I am trying to loop through a large address data set(300,000+ lines) based on a common factor for each observation, ID2. This data set contains addresses from two different sources, and I am trying to find matches between them. To determine this match, I want to loop through each ID2 as a factor and search for a line from each of the two data sets (building and property data sets) Here is a picture of my desire output Picture of desired output Here is a sample code of what I have tried
PROPERTYNAME=c("Vista 1","Vista 1","Vista 1","Chesnut Street","Apple
Street","Apple Street")
CITY=c("Pittsburgh","Pittsburgh","Pittsburgh","Boston","New York","New
York")
STATE= c("PA","PA","PA","MA","NY","NY")
ID2=c(1,1,1,2,3,3)
IsBuild=c(1,0,0,0,1,1)
IsProp=c(0,1,1,1,0,0)
df=data.frame(PROPERTYNAME,CITY,STATE,ID2,IsBuild,IsProp)

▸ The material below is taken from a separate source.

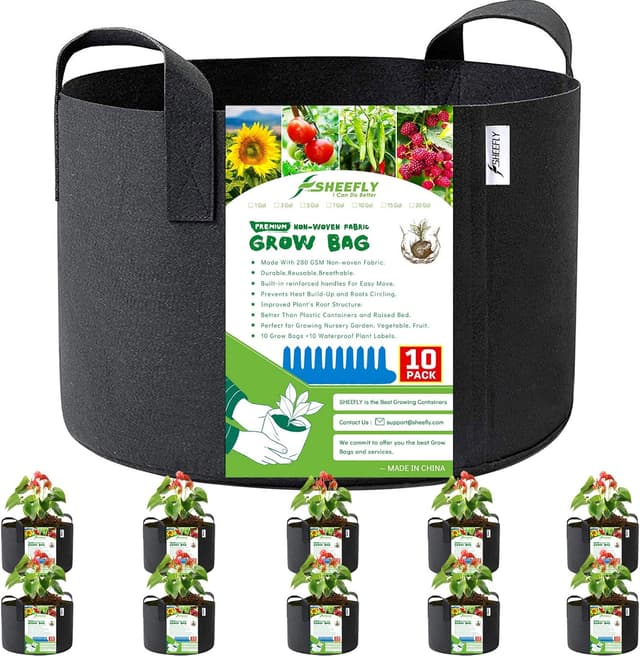 Detalle de SHEEFLY 10 Pack 5 Gallon Grow Bags (Non-woven Fabric) with Reinforced Handles and 10 Plant Labels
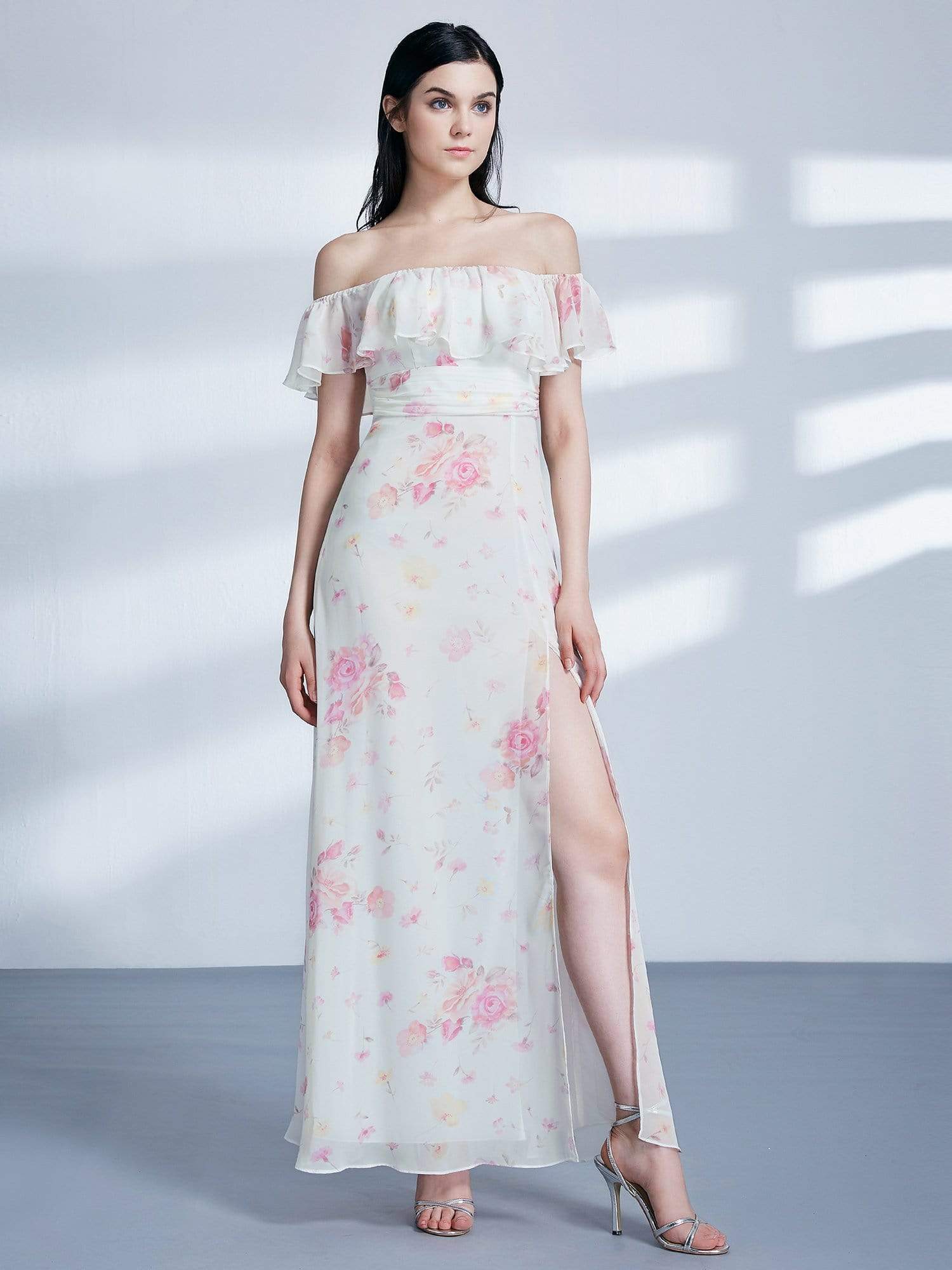 Color=Cream | Off Shoulder Floral Print Long Party Dress-Cream 2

for(i in levels(as.factor(df$ID2))){
for(row in 1:nrow(df)){
df$Any_Build[row][i]<-ifelse(as.numeric(df$IsBuild[row][i])==1)
df$Any_Prop[row][i]<-ifelse(as.numeric(df$IsProp[row][i])==1)
}
}
I've tried nested for loops but have had no luck and am struggling with the apply functions of r. I would appreciate any help. Thank you!